Work to complete: Using the data below, return word for word every line from the one holding "Set Isometric line" down to the one holding "This set features". Leave pictures out.

[Data excerpts]
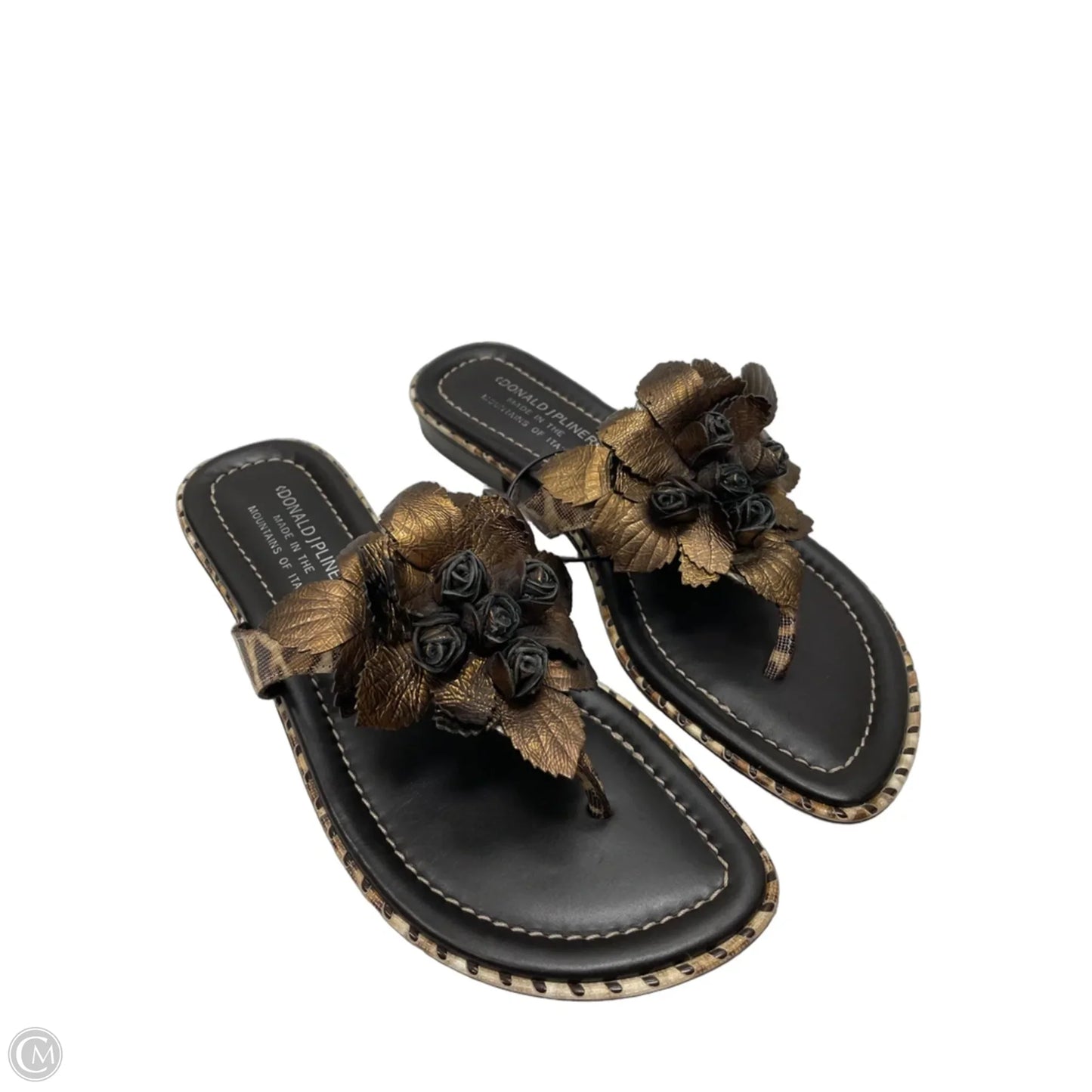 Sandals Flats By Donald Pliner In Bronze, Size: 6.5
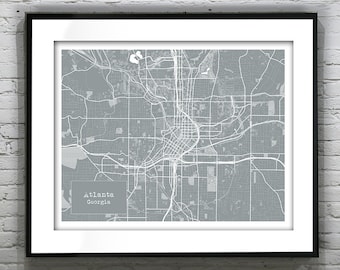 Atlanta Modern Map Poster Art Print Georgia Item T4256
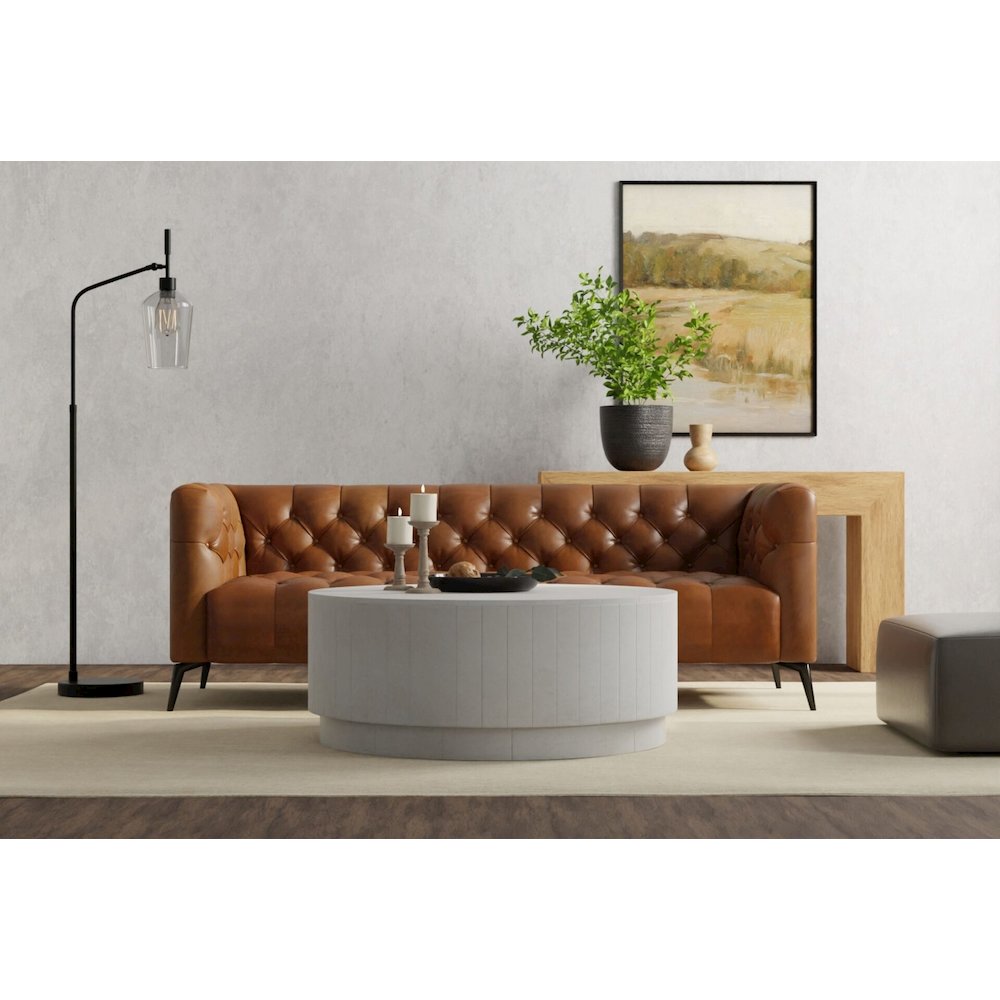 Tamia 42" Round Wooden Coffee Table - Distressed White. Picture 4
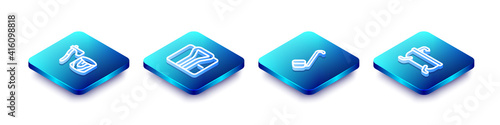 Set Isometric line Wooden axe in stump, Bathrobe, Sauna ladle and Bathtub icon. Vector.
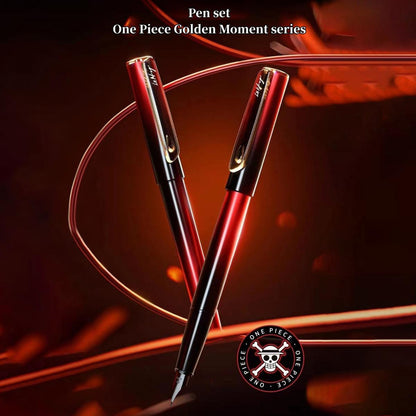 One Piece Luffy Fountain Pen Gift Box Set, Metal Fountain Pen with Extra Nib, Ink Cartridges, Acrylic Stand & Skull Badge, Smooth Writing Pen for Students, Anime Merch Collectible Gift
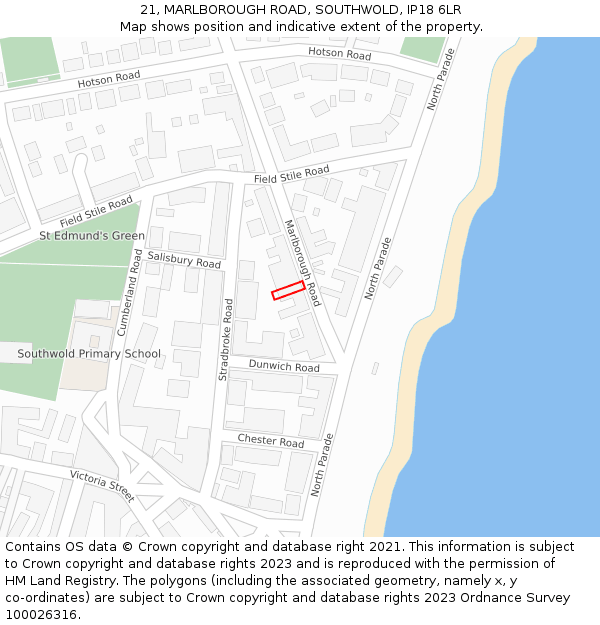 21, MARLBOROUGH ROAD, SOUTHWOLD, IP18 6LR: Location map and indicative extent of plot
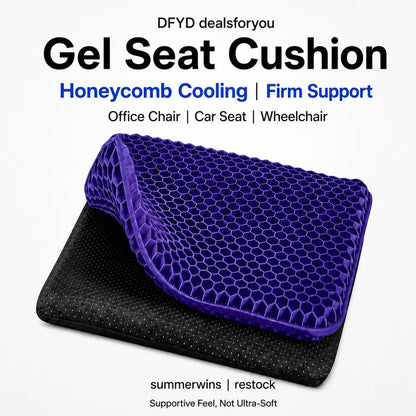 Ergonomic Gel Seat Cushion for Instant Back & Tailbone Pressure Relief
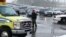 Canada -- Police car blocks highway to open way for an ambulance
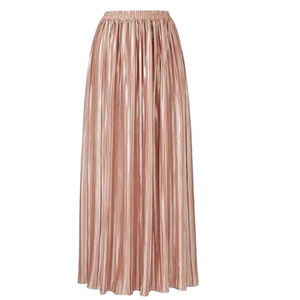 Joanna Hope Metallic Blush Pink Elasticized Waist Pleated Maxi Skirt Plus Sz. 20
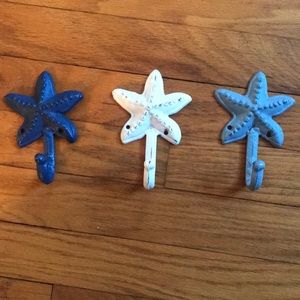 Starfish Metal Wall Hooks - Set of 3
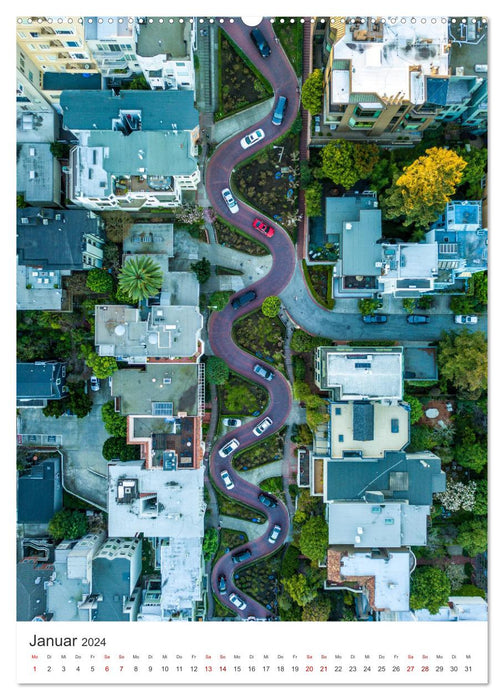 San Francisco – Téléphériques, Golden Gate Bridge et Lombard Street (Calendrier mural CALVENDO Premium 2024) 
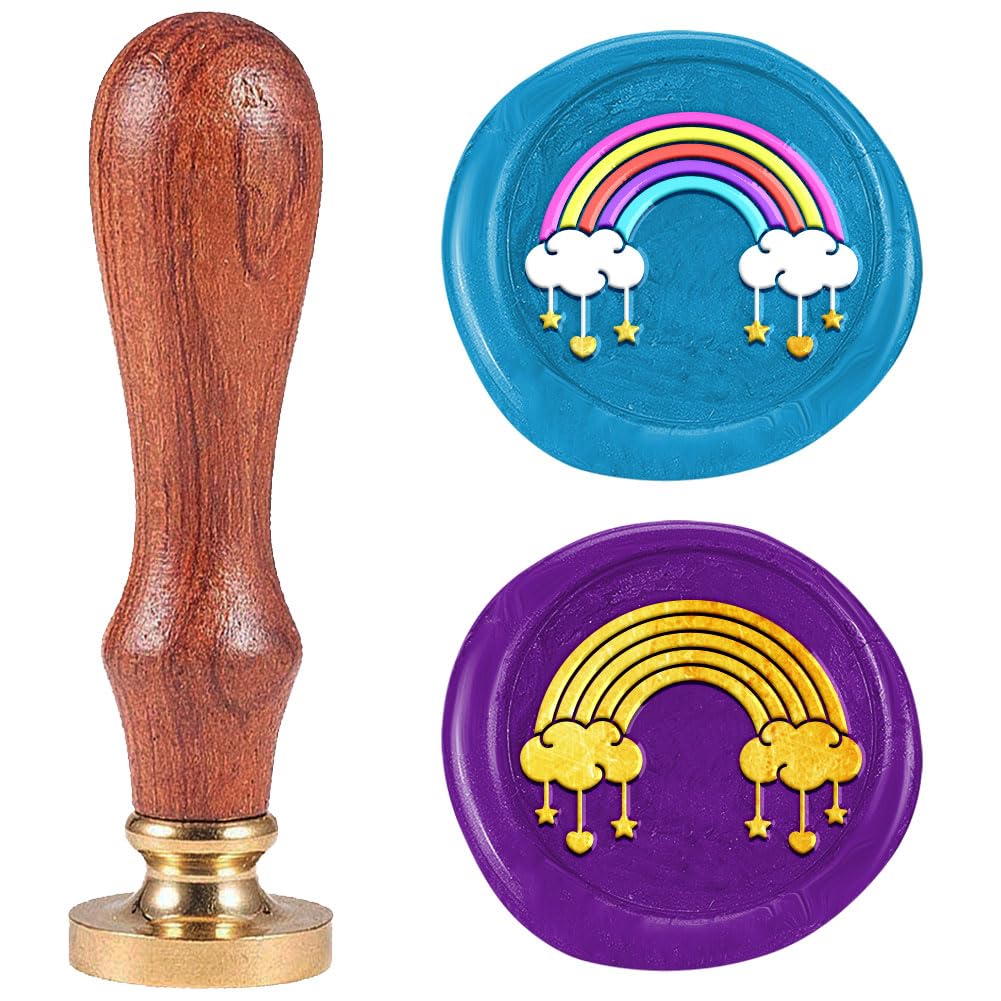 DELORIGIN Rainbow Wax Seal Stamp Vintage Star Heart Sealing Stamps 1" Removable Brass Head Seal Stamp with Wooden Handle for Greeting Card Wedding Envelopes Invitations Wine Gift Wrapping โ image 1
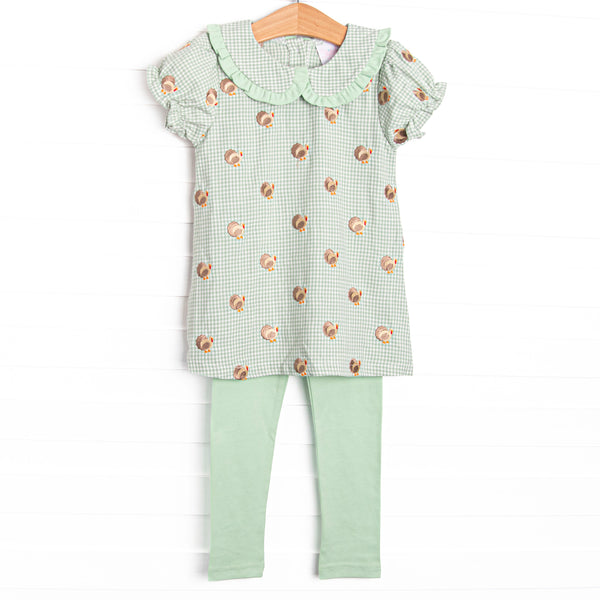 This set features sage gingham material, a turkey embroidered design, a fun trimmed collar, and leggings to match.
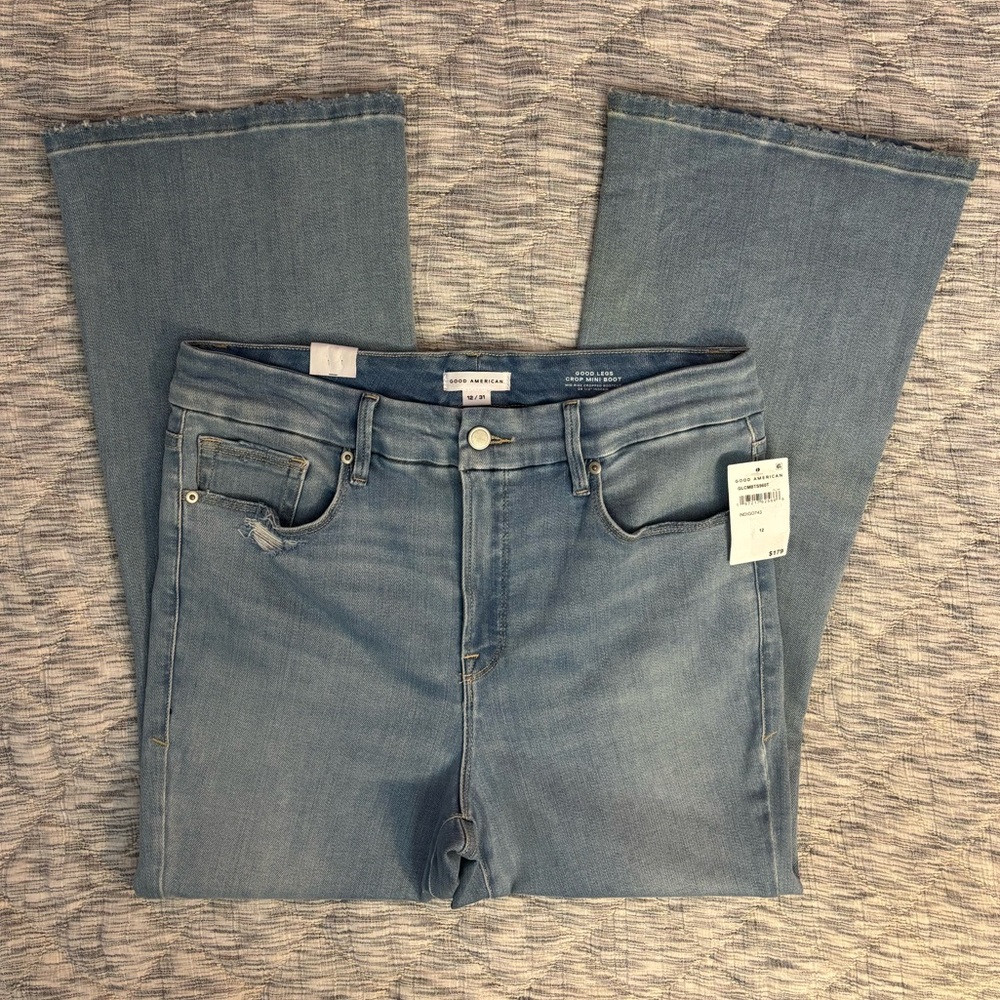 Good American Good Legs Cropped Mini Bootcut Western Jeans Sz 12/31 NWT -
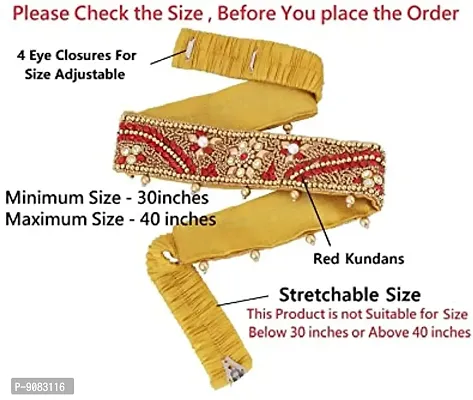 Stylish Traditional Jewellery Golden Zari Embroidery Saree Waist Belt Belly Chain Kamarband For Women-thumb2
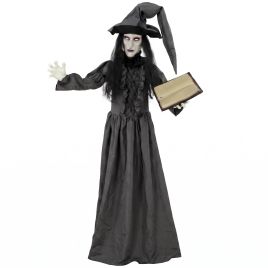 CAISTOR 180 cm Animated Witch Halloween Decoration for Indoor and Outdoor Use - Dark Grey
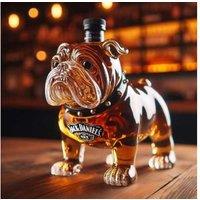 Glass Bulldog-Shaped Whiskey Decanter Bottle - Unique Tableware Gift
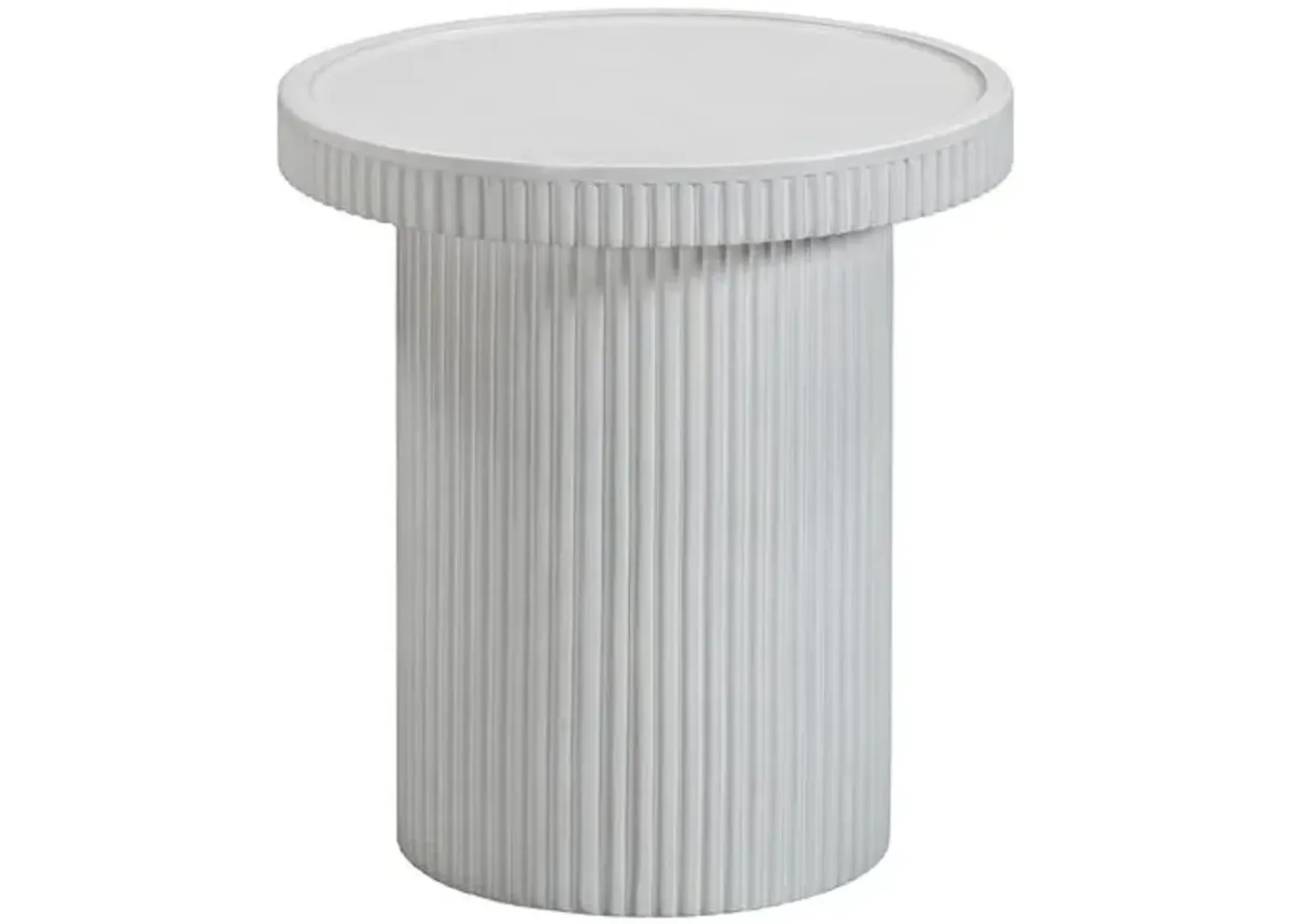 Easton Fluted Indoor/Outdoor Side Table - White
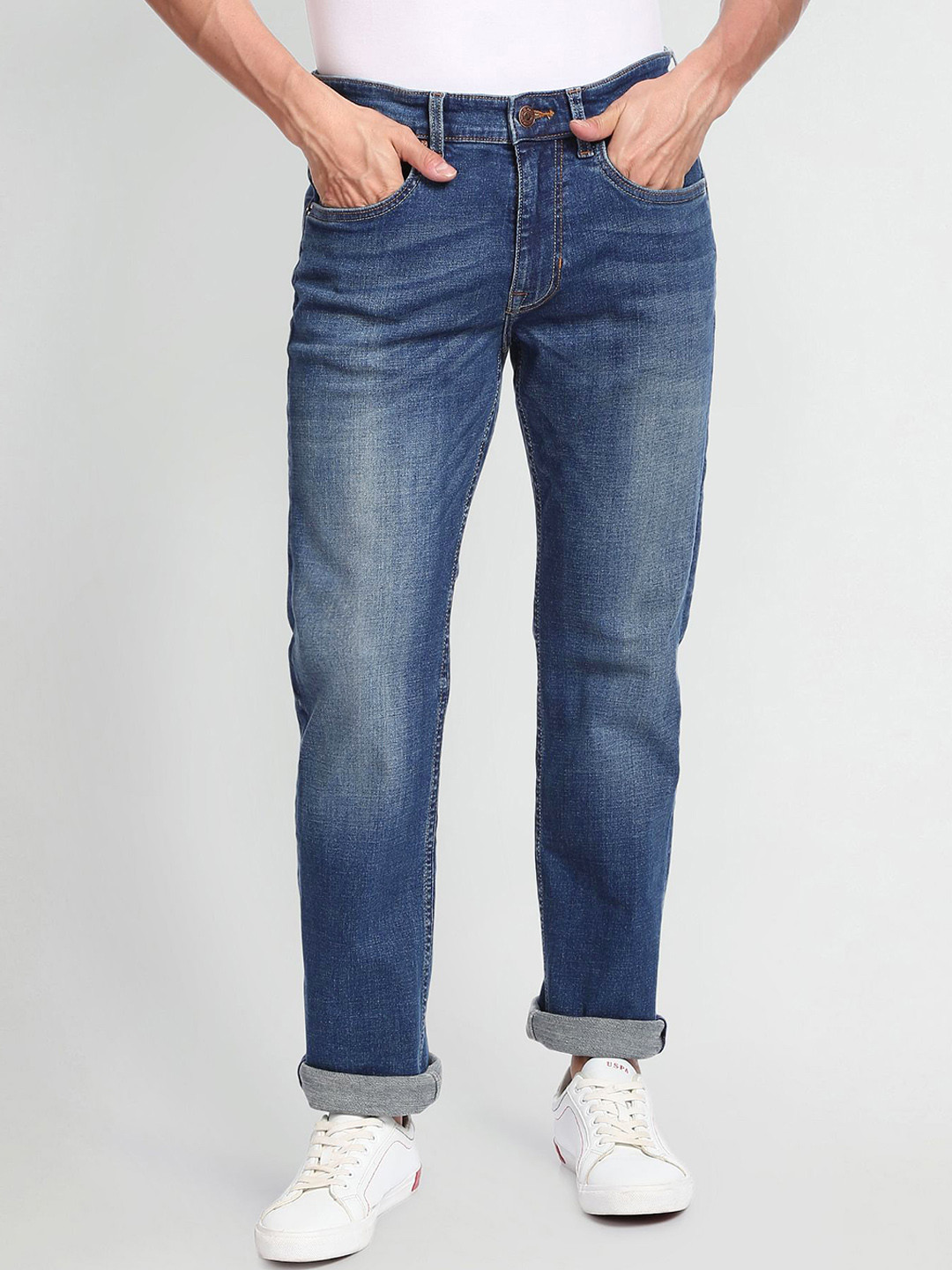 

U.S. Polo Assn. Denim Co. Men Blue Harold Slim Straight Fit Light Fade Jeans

Solved exercise:
 Set Isometric line Wooden axe in stump, Bathrobe, Sauna ladle and Bathtub icon. Vector.
 One Piece Luffy Fountain Pen Gift Box Set, Metal Fountain Pen with Extra Nib, Ink Cartridges, Acrylic Stand & Skull Badge, Smooth Writing Pen for Students, Anime Merch Collectible Gift
 21, MARLBOROUGH ROAD, SOUTHWOLD, IP18 6LR: Location map and indicative extent of plot
 Ergonomic Gel Seat Cushion for Instant Back & Tailbone Pressure Relief
 Canada -- Police car blocks highway to open way for an ambulance
 Joanna Hope Metallic Blush Pink Elasticized Waist Pleated Maxi Skirt Plus Sz. 20
 Starfish Metal Wall Hooks - Set of 3
 San Francisco – Téléphériques, Golden Gate Bridge et Lombard Street (Calendrier mural CALVENDO Premium 2024) 
 DELORIGIN Rainbow Wax Seal Stamp Vintage Star Heart Sealing Stamps 1" Removable Brass Head Seal Stamp with Wooden Handle for Greeting Card Wedding Envelopes Invitations Wine Gift Wrapping โ image 1
 This set features sage gingham material, a turkey embroidered design, a fun trimmed collar, and leggings to match.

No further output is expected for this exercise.